──────── Extracted information

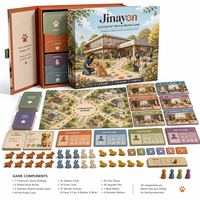 Jeu de société éducatif personnalisé sur le thème de la sauvetage des animaux, avec composants réutilisables, plateau de jeu pliable en carton pour la vente au détail et les cadeaux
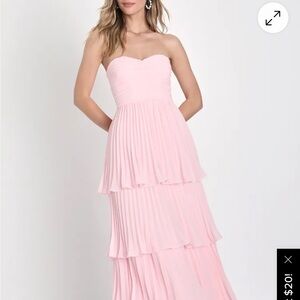 Lulu's Strapless Pleated Tiered Maxi Dress in Light Pink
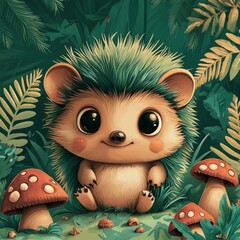 Poster - Cute Hedgehog in the Forest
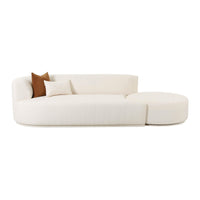 Pablo 112.2" Plush Cream Boucle 2-Piece Chaise Modular LAF Sofa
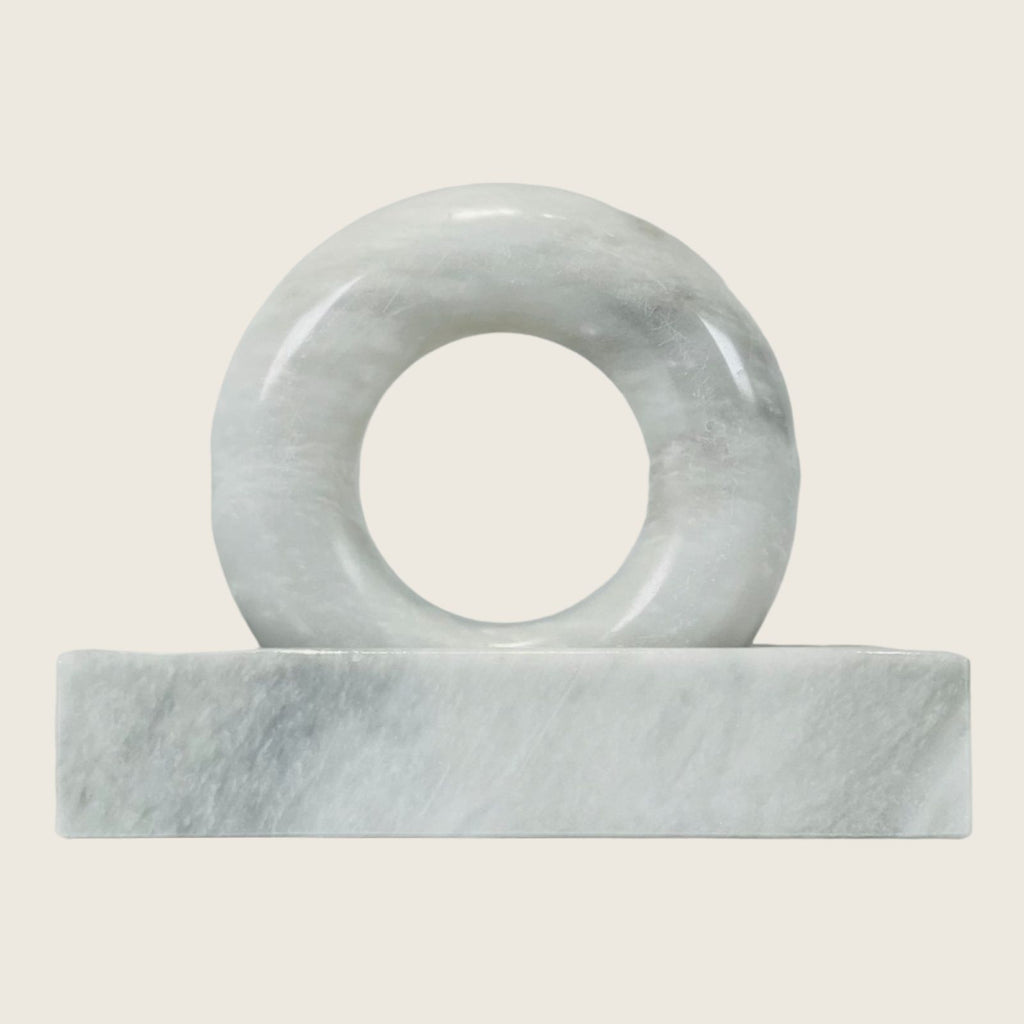 Standing Halo Light Grey Streaked Mortar & pestle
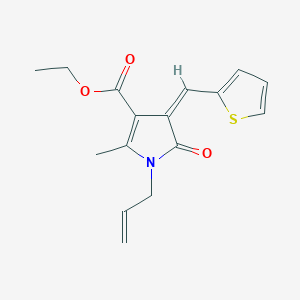 ethyl (4Z)-2-methyl-5-oxo-1-(prop-2-en-1-yl)-4-(thiophen-2-ylmethylidene)-4,5-dihydro-1H-pyrrole-3-carboxylate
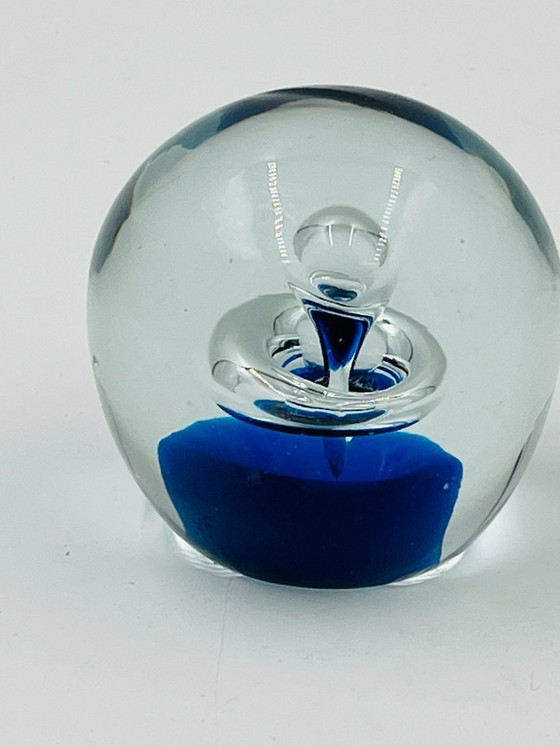 Image 1 of Vintage blue blown glass paperweight, 9cm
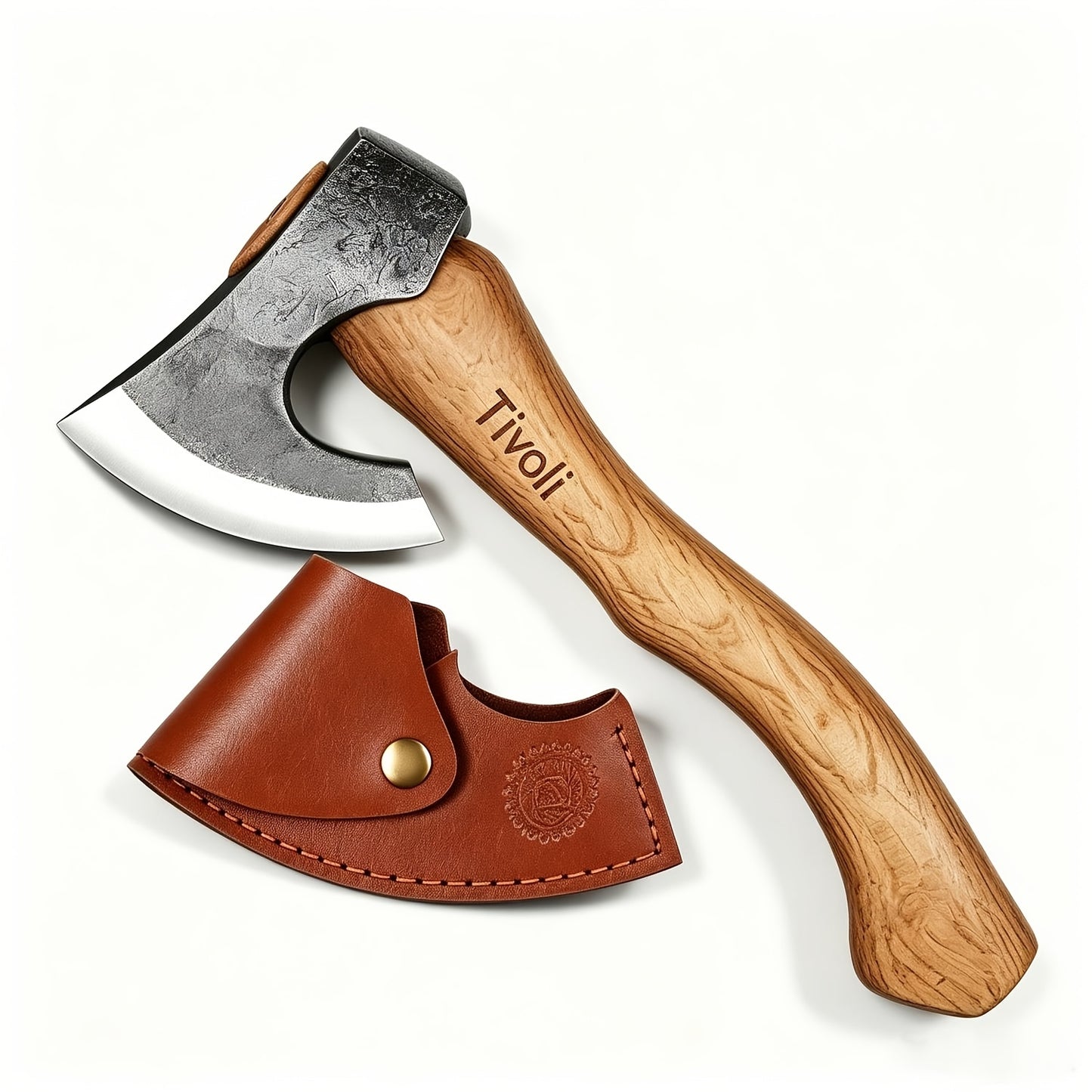 5.5" Portable Camping Axe — Wooden Handle & Leather Sheath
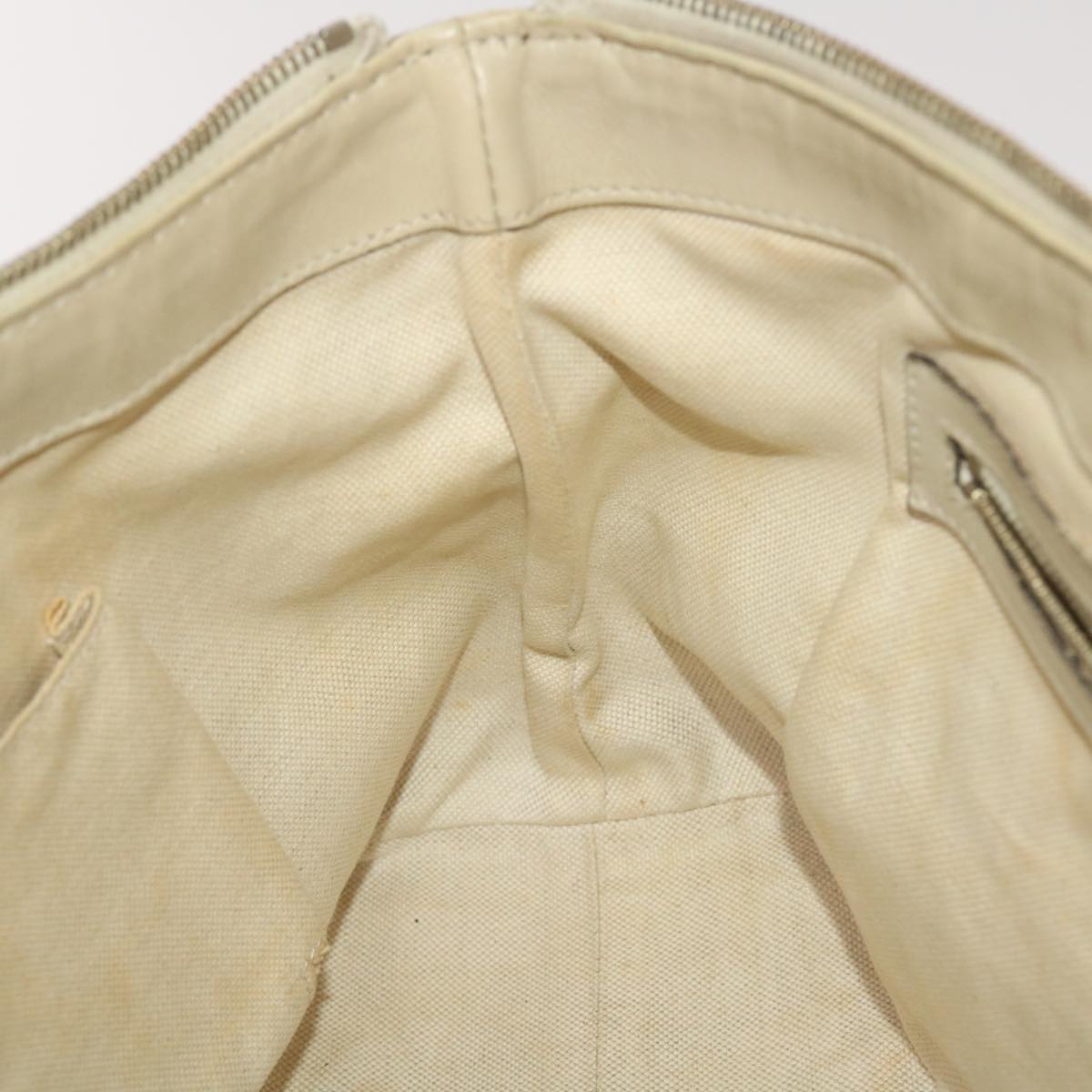 GUCCI GG Canvas Tote Bag Leather Beige 257069 am4730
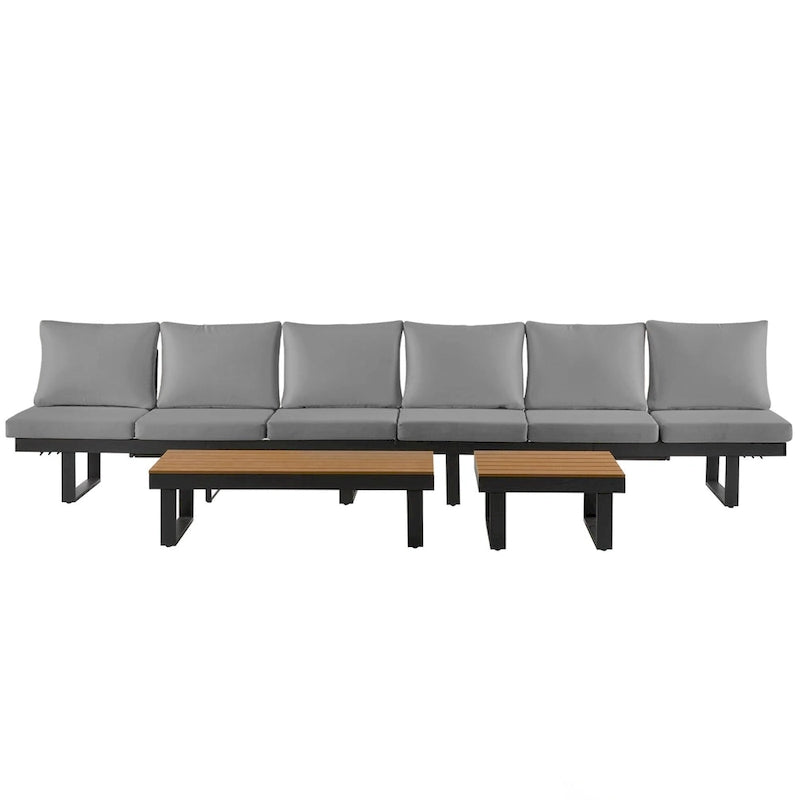 Ensemble de canapé d'angle extérieur, salon de jardin, groupe de sièges de patio, lit de repos extérieur avec sièges inclinables ajustables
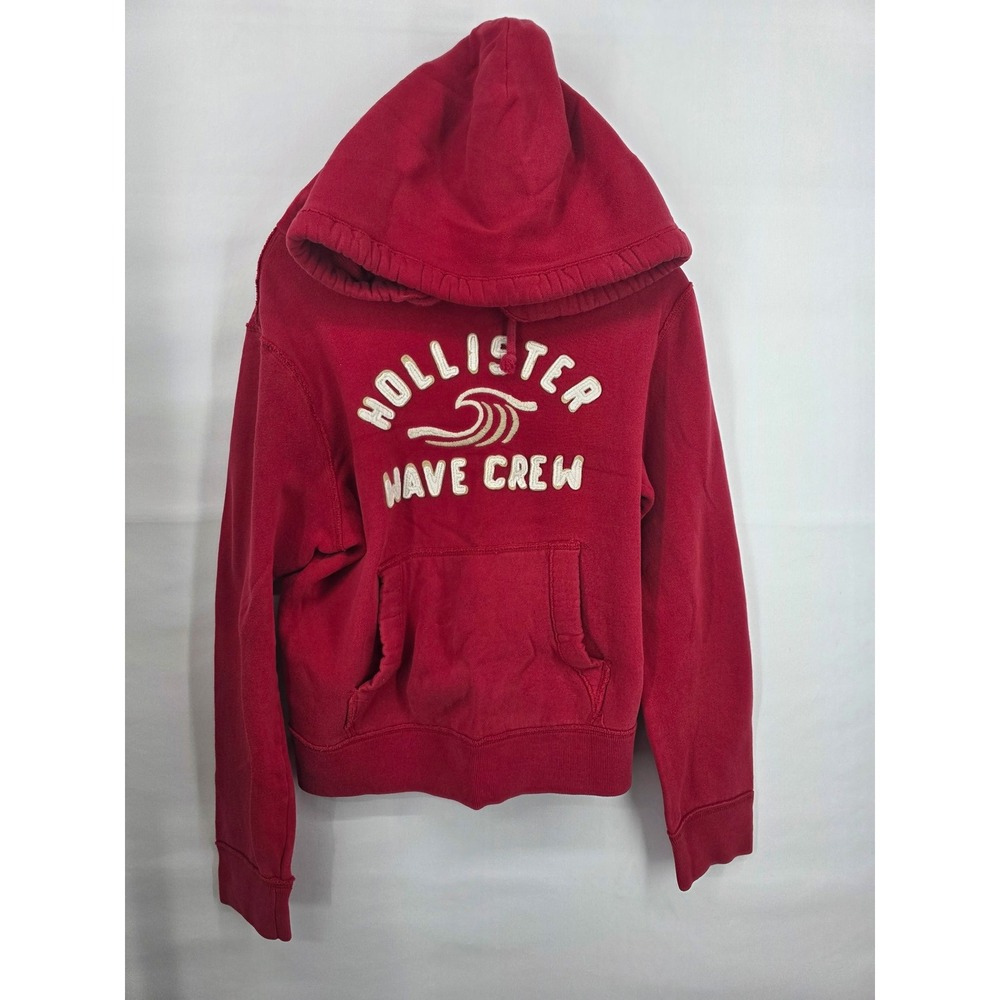 Hollister Wave Crew Red Pullover Hoodie Mens Large Applique Logo Waffle Hood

────────────────

Exercise aim — Skip the pictures, then write out every entry exactly.

Your response —
 Jeu de société éducatif personnalisé sur le thème de la sauvetage des animaux, avec composants réutilisables, plateau de jeu pliable en carton pour la vente au détail et les cadeaux
 Lulu's Strapless Pleated Tiered Maxi Dress in Light Pink
 Poster - Cute Hedgehog in the Forest
 Pablo 112.2" Plush Cream Boucle 2-Piece Chaise Modular LAF Sofa
 Standing Halo Light Grey Streaked Mortar & pestle
 ethyl (4Z)-2-methyl-5-oxo-1-(prop-2-en-1-yl)-4-(thiophen-2-ylmethylidene)-4,5-dihydro-1H-pyrrole-3-carboxylate
 Image 1 of Vintage blue blown glass paperweight, 9cm
 5.5" Portable Camping Axe — Wooden Handle & Leather Sheath
 GUCCI GG Canvas Tote Bag Leather Beige 257069 am4730
 Ensemble de canapé d'angle extérieur, salon de jardin, groupe de sièges de patio, lit de repos extérieur avec sièges inclinables ajustables
 Hollister Wave Crew Red Pullover Hoodie Mens Large Applique Logo Waffle Hood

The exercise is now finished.